Parallelization¶
CodeSnippet
You can download all the code on this page from the code snippets directory
The parallel
package adds the ability to parallelize the training
and execution of MPD flows. This package is split into two decoupled parts.
The first part consists of a parallel extension for the familiar MDP
structures of nodes and flows. In principle all MDP nodes aldready
support parallel execution, since copies of a node can be made and used
in parallel. Parallelization of the training on the other hand depends
on the specific node or algorithm. For nodes which can be trained in a
parallelized way there is the extension class ParallelExtensionNode
.
It adds the fork
and join
methods. When providing a parallel
extension for custom node classes you should implement _fork
and
_join
. Secondly there is the ParallelFlow
class, which
internally splits the training or execution into tasks which are then
processed in parallel.
The second part consists of the schedulers.

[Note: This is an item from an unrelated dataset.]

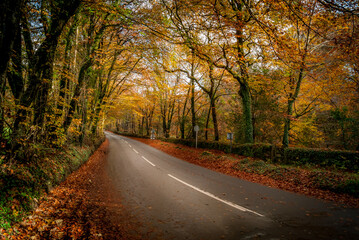 A scenic road in Dartmoor National Park in England, in autumnal forest colours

A scheduler takes tasks and processes them in a more or less parallel way (e.g. in multiple Python processes). A scheduler deals with the more technical aspects of the parallelization, but does not need to know anything about nodes and flows.
Basic Examples¶
In the following example we parallelize a simple Flow
consisting of
PCA and quadratic SFA, so that it makes use of multiple cores on a modern CPU:
>>> node1 = mdp.nodes.PCANode(input_dim=100, output_dim=10)
>>> node2 = mdp.nodes.SFA2Node(input_dim=10, output_dim=10)

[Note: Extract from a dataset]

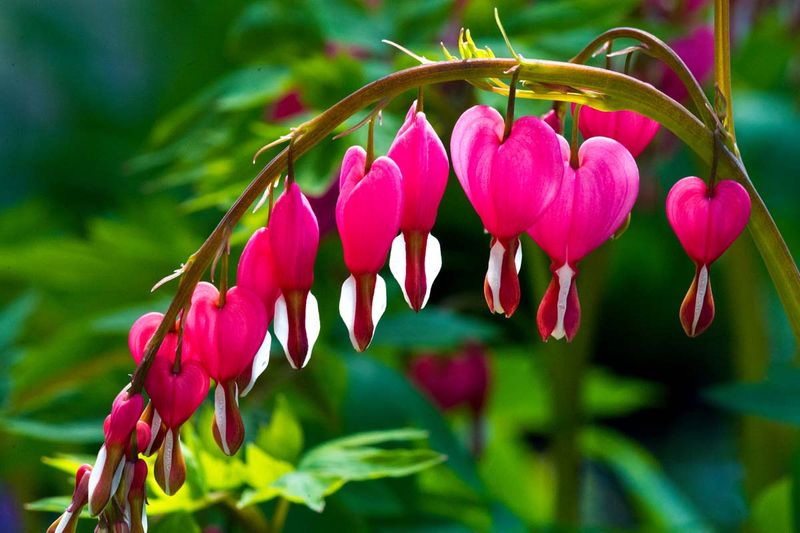 Bleeding Hearts Fade Fast in Pots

>>> parallel_flow = mdp.parallel.ParallelFlow([node1, node2])
>>> parallel_flow2 = parallel_flow.copy()
>>> parallel_flow3 = parallel_flow.copy()
>>> n_data_chunks = 10
>>> data_iterables = [[np.random.random((50, 100))
... for _ in range(n_data_chunks)]] * 2
>>> scheduler = mdp.parallel.ProcessScheduler()
>>> parallel_flow.train(data_iterables, scheduler=scheduler)
>>> scheduler.shutdown()
Only two additional lines were needed to parallelize the training of the
flow. All one has to do is use a ParallelFlow
instead of the normal
Flow
and provide a scheduler. The ProcessScheduler
will
automatically create as many Python processes as there are CPU cores.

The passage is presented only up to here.